Protection is associated with CSP-specific CD8+ T cells responses.
Immune correlates of protection against malaria were studied by plotting day 28 post-challenge immunity and day 9 post-challenge parasitemia as X and Y variables and using the Spearman test (the rs and p values are shown) and linear regression (r2 is shown) (Figure 6A). Immune responses in challenged mice were compared 28 days post-challenged between the vaccine candidates and their level of protection (fully (•) or partially (○) protected NILV immunized animals in red) by S9I/Kd tetramer staining and IFNg elispot assay with splenocytes and liver cells and elisa (Figure 6B). Means and SD are shown. The Kruskal-Wallis test was used to compare 3 or 4 groups, followed by a Dunn’s post-test.
Figure 7.
The protective efficacy of NILV was confirmed in a second independent study.

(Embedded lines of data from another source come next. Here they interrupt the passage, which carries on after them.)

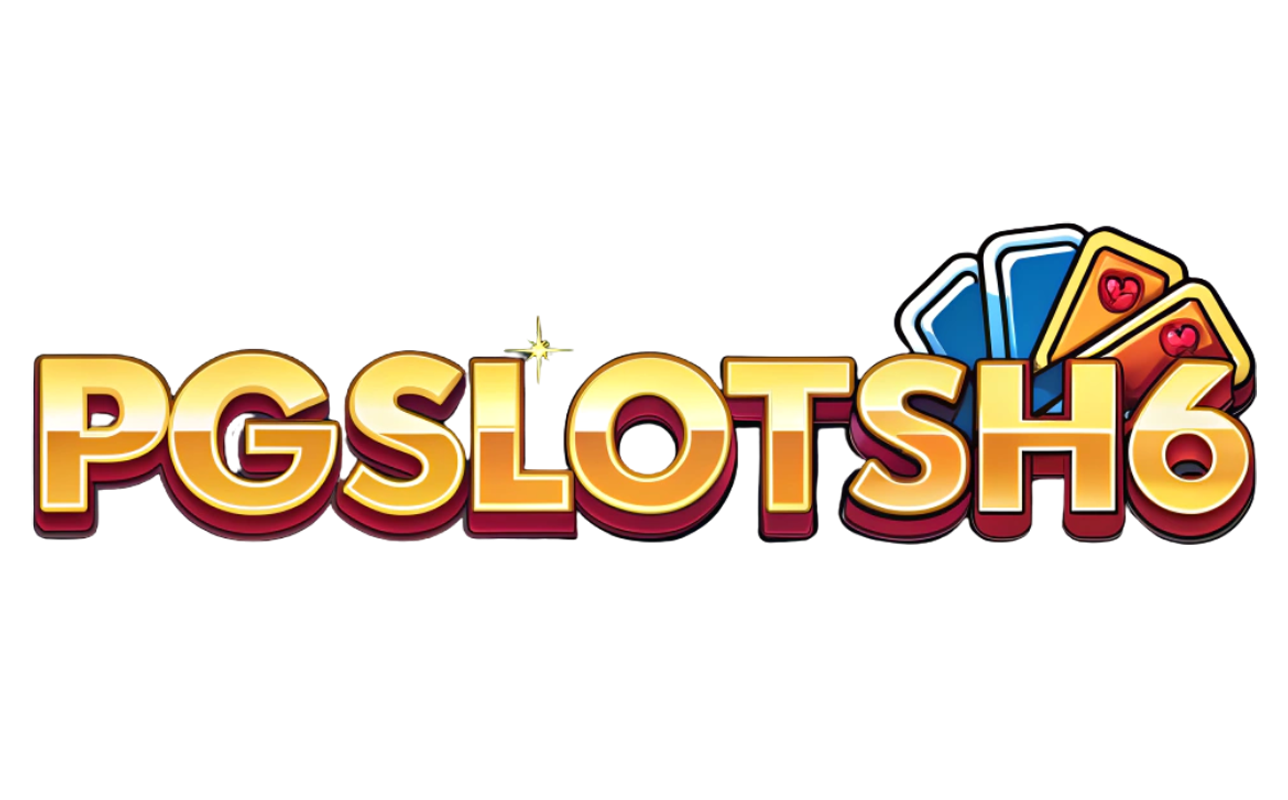 pgslotsh6.org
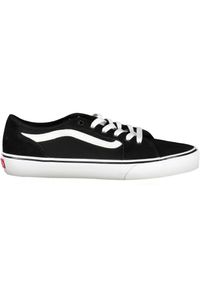 Vans Buty Filmore Decon, VN0A3WKZ5LM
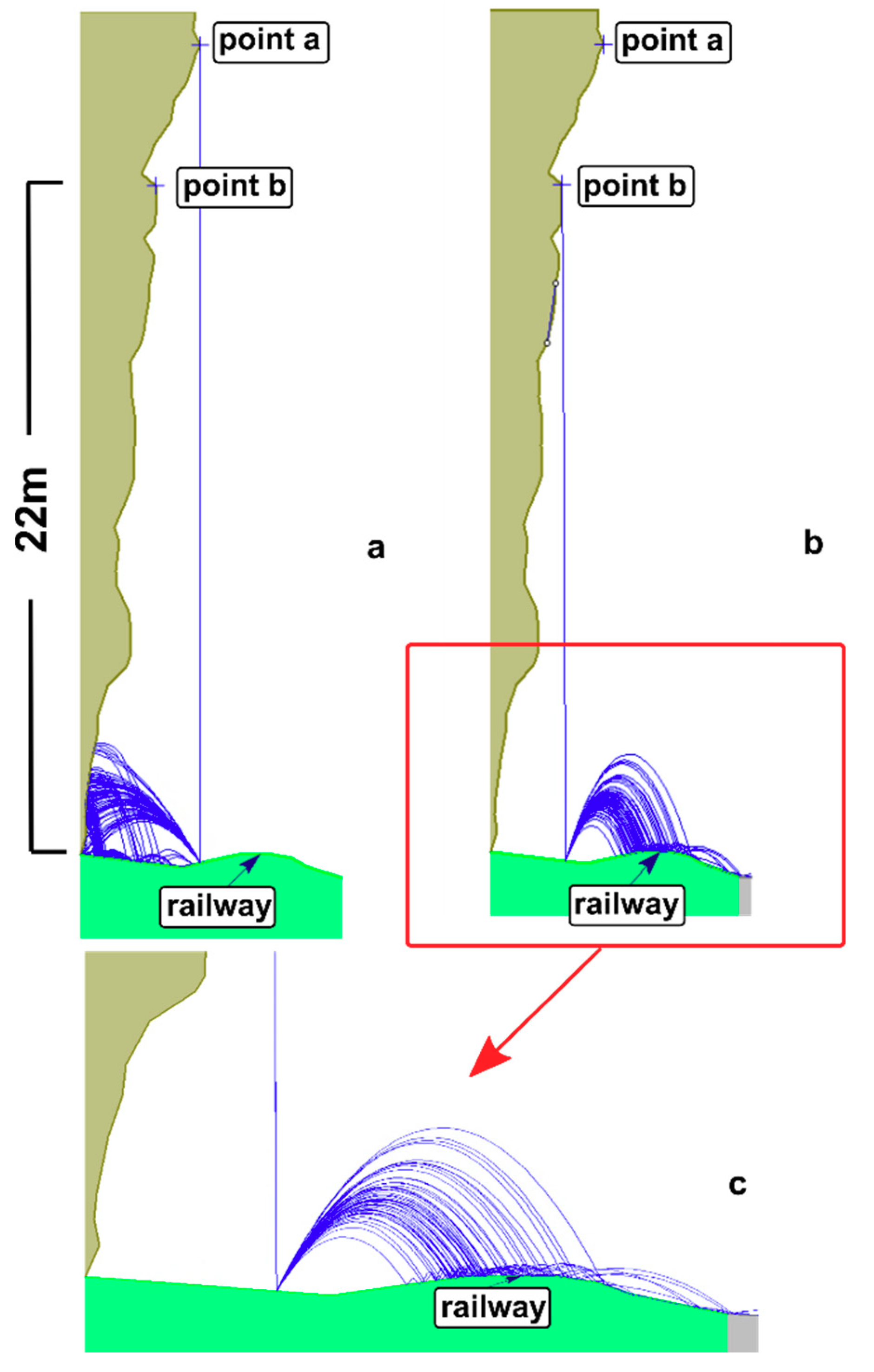 Geosciences 10 00389 g011 Geosciences 10 00389 g011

Groups of BALB/c mice (n = 8/group) were immunized 3 times with NILV by intraperitoneal injections (in red) or not (in black). They were challenged with 500 spz injected IV one month after the last immunization. The % of parasitized red blood cells was followed every other day from day 5 to day 16 post-challenge by Giemsa-stained blood smears. Individual parasitemia are shown (Figure 7A) as well as means + SD (Figure 7B) and parasitemia at day 10 post-challenge (Figure 7C). Among the NILV-immunized mice (red circles), fully (•) versus partially (○) protected animals were further distinguished (Figure 7D). The Mann-Whitney test was used to compare NILV and naive and the Kruskal-Wallis test followed by a Dunn’s post-test were used to compare fully, partially and naive. The gross morphology of spleens and livers from NILV-immunized and naive mice at necropsy were compared 3 weeks post-challenge (Figure 7E).
Figure 8.
NILV immunizations elicit enduring protective memory responses against malaria.
Groups of BALB/c mice were immunized 3 times with NILV by intraperitoneal injections (n = 7) (in red) or not (n = 9) (in black). They were challenged with 500 spz injected IV six months after the last immunization (Figure 8A). The % of parasitized red blood cells was followed by Giemsa-stained blood smears. Individual parasitemia are shown (Figure 8B) as well as means + SD (Figure 8C) and parasitemia at day 9 post-challenge (Figure 8D). Among the NILV-immunized mice (in red), fully (•) versus partially (○) protected animals were further distinguished (Figure 8E).